Une gamine, en ville, me pointa du doigt en tirant sur la manche de sa mère. Elle semblait très impressionnée, mais je n'y prêtais pas attention. Je savais que c'était surtout ma taille qui impressionnait, alors je comptais bien lui donner ce qu'elle voulait. Pliant légèrement mes pattes, je donnais une forte impulsion à tout mon corps, me détachant de mon rocher. Mes grandes ailes se mirent à battre en même temps, je m'élevais dans le ciel. Les yeux de la petite fille continuaient de me suivre, impressionnée. Je décidais alors de la satisfaire encore plus. Je m'élevais assez haut, avant de me mettre allongée et de tendre la tête. Je lâchais un puissant jet de flammes qui prit la forme d'un coeur, avant que je ne passe au travers et me laisse tomber sur la ville. Mes ailes repliées, je me rapprochais rapidement du sol. Puis, au dernier moment, je déployais mes ailes pour me freiner, lui arrachant un cri de surprise, jusqu'à me laisser planer à trois mètres du sol.
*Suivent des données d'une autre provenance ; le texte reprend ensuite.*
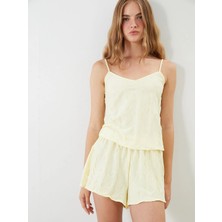 Lc Waikiki Yeni Sezon V Yaka Dokulu Askılı Kadın Şortlu Pijama Takımı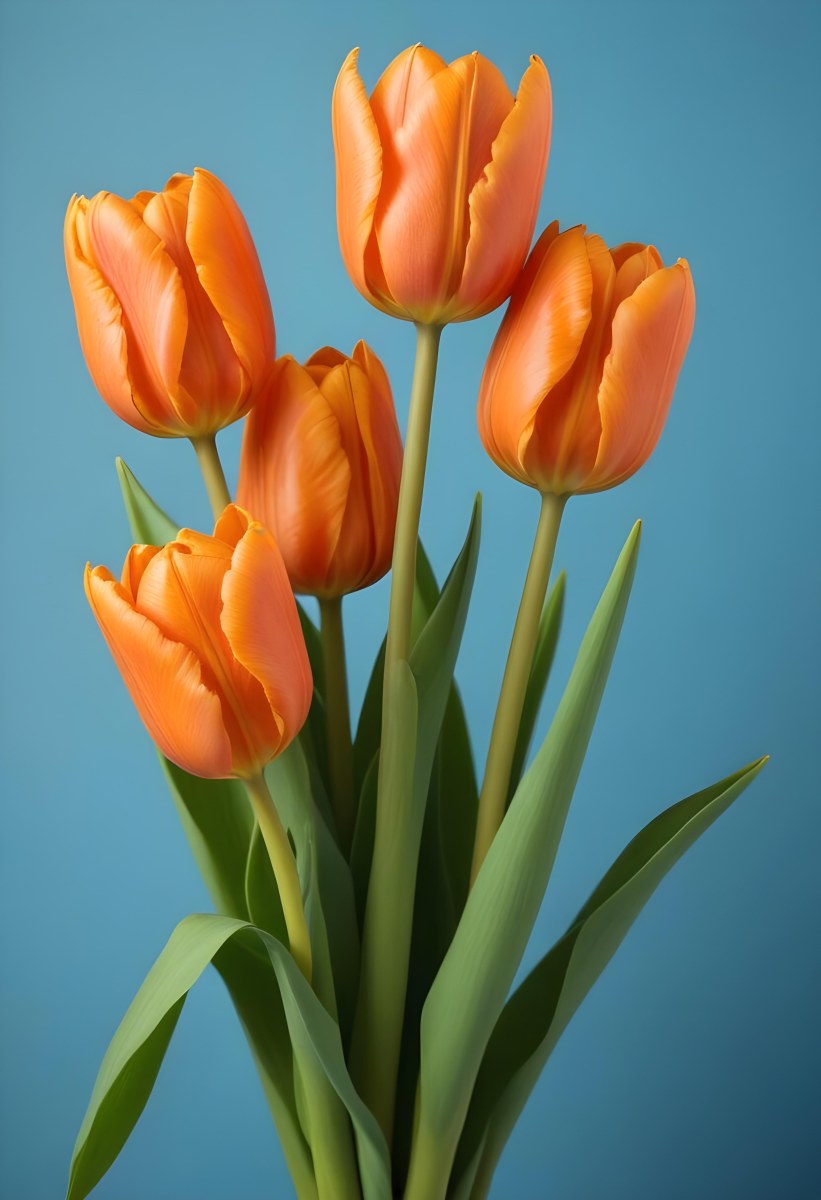 Orange Tulips With Green Stems Against A Blue Background 3 A93e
Alors je pris ma forme semi-humaine, mes écailles couvrant en grande partie mon corps, et je tombais alors. Je me posais assez doucement sur le sol, devant la demoiselle. Elle avait des étoiles dans les yeux, et elle semblait vraiment impressionnée. Je tendis alors la main, venant ramasser une pierre au sol avant de l'enflammer devant ses yeux. Lorsque les flammes s'éteignirent, la pierre était polie, lisse, avec un petit dragon dessus. Je la glissais dans la main de la bambine, qui m'offrit un grand sourire avant de repartir avec sa mère. Elle parlait de ce que j'avais fait, elle était excitée. Je devinais, autour de sa taille, une queue féline enroulée. Je n'avais pas vues d'oreilles, mais sans doute était-elle aussi une hybride. Je souris doucement, avant de croiser le regard azur d'une jeune femme. Elle devait m'avoir vue, elle aussi.